Proper Job Mikey, Thanks


----------



## tumble112 (Feb 10, 2016)

This is quite a place, such a story to tell. Well captured as ever.


----------



## fluffy5518 (Feb 10, 2016)

Loving it !! Superb photography as always !!


----------



## Jon6D (Feb 10, 2016)

Cracking post and great photos, thanks


----------



## flyboys90 (Feb 10, 2016)

If only the walls could talk!!Stunning images Mikey.


----------



## Rubex (Feb 10, 2016)

Oh why did I have to be busy that weekend?  I missed loads. Lovely photos Mikeymutt


----------



## UrbanX (Feb 15, 2016)

What a place! Beautifully documented too! 
Thanks for sharing


----------



## Dirus_Strictus (Feb 15, 2016)

Quote knew there was some serious stuff went on here when I went in one hangar and it had "warning radiation" on the wall.Quote

Nothing very sinister - just a few cylindrical containers containing a radio active isotope. In the days before the modern ultrasonic methods of crack detecting, all welds were X-rayed and the results captured on a photographic plate. A very common sight in a manufacturers premises where welding was super critical. There were one or two quite serious incidents where the isotope containers ended up as unlicensed scrap - fortunately they were traced before being cut up / opened by the curious!

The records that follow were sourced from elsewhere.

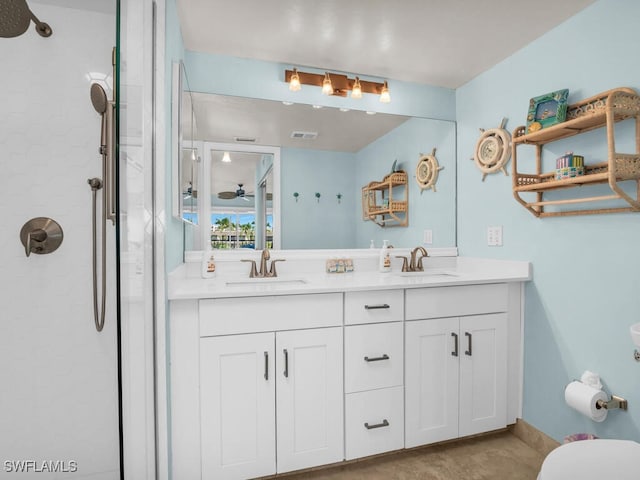 900 Collier Ct Unit 106, Marco Island, FL 34145 - bathroom featuring visible vents, a sink, double vanity, and tiled shower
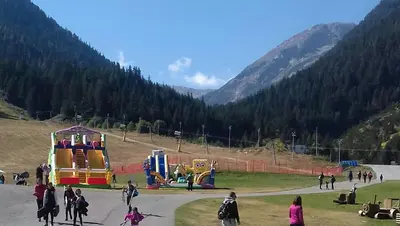 a group of people walking around a playground at Apartman u kompleksu Royal Towers in Bansko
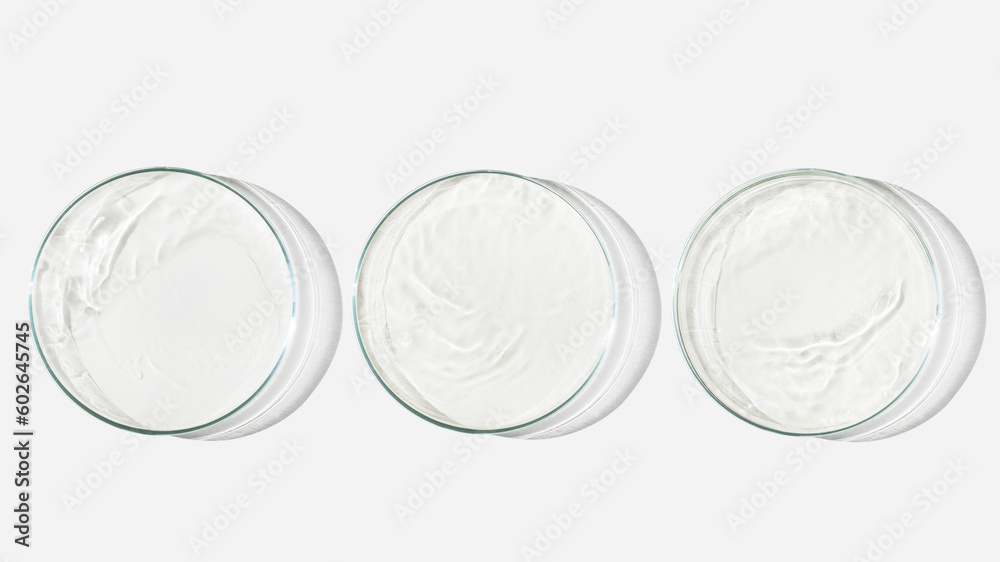 Three Petri dishes on a light background with liquid, water. Splashes of water. Waves in the petri dishes. View from above. Laboratory Three Petri dishes on a light background with liquid, water. Splashes of water. Waves in the petri dishes. View from above. Laboratory
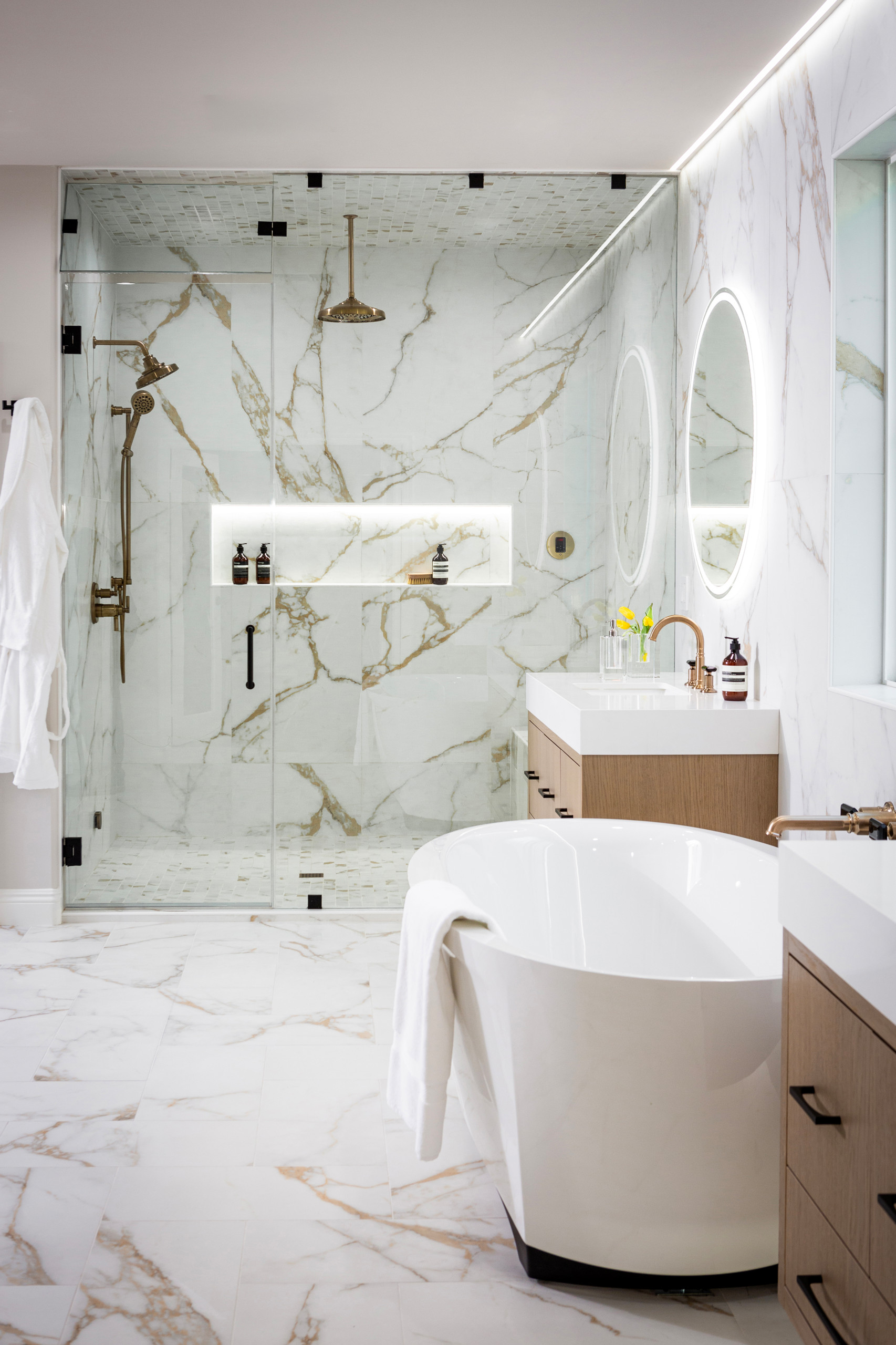 Example of a white tile white marble floor and double-sink bathroom design in Los Angeles with flat-panel cabinets, white oak wood cabinets, marble walls, an undermount sink, a hinged shower door
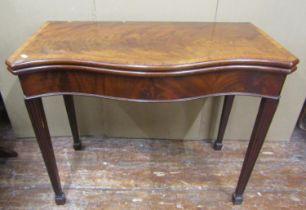 A Georgian mahogany serpentine fold over top card table on reeded and tapering supports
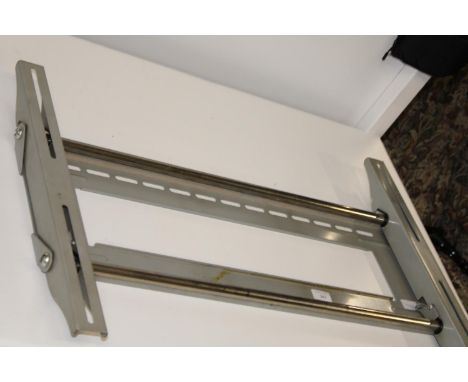 A metal wall mounted TV bracket (For 42 inch TV's plus) 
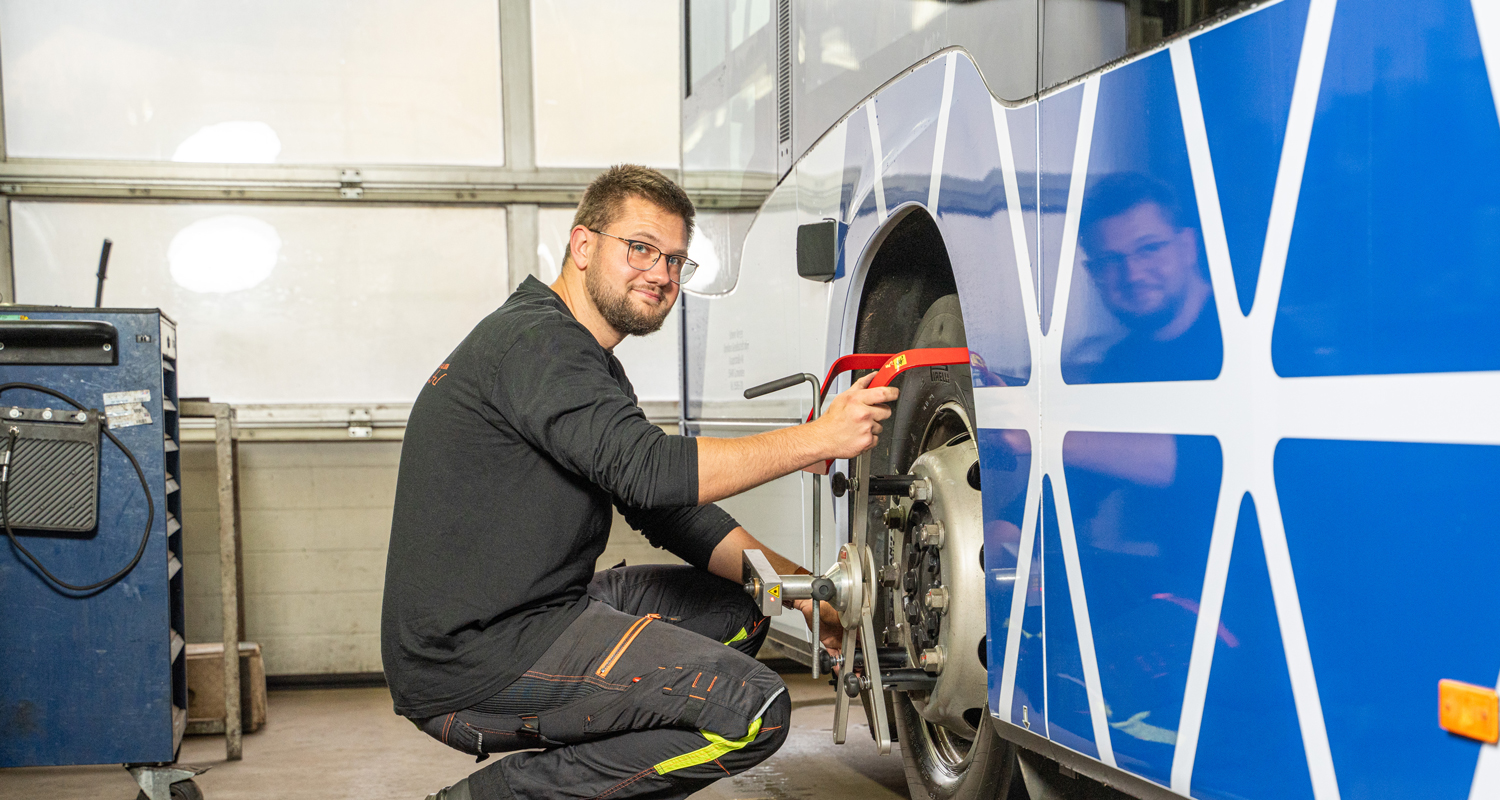 Mann arbeitet an dem Rad eines Scherer-Reisen Linienbusses und schaut in die Kamera.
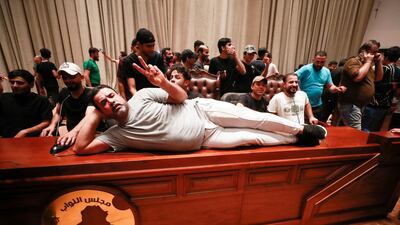 A demonstrator lies on the desk of the Speaker of the Iraqi parliament. AFP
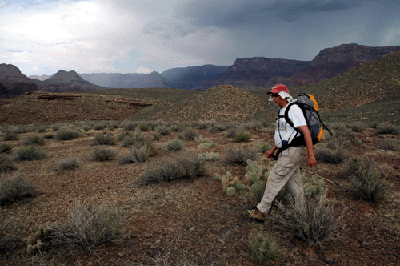 Dennis walking the Tonto with a thunderstorm dumping rain in the east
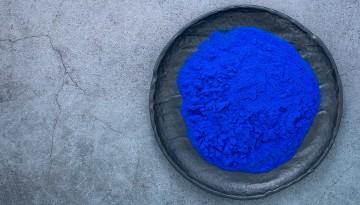 image of a bowl of vibrant blue powder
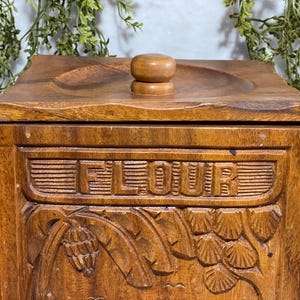 May include: A wooden flour container with a lid and a small knob. The word "FLOUR" is carved into the front of the container. The container has carved floral and leaf designs. The wood has a warm, brown tone.
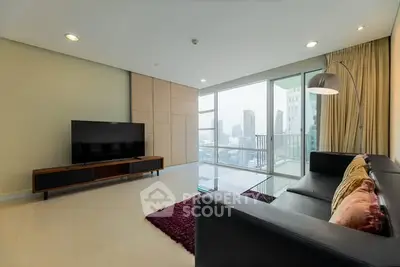 Spacious modern living room with city view and sleek furnishings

A very good set of images here.


----------



## Doodle (Mar 9, 2016)

Nice pics, I assume 'Gloster' is a code name..?


----------



## krela (Mar 9, 2016)

Ummmm no, really not a code name. 

Gloster Aircraft Company - Wikipedia, the free encyclopedia

Sent from my SM-G925F using Tapatalk


----------



## Dawny (Mar 9, 2016)

Stunning photos, just beautiful.


----------



## theartist (Mar 9, 2016)

not a zit that relates to its original porpois. shame


----------



## Doodle (Mar 9, 2016)

My bad. Great photos as always though


----------



## scottyg100 (Apr 8, 2016)

Spectacular photos thanks


----------



## Lone Wanderer (Apr 9, 2016)

Fabulous photos!! Thanks for sharing


----------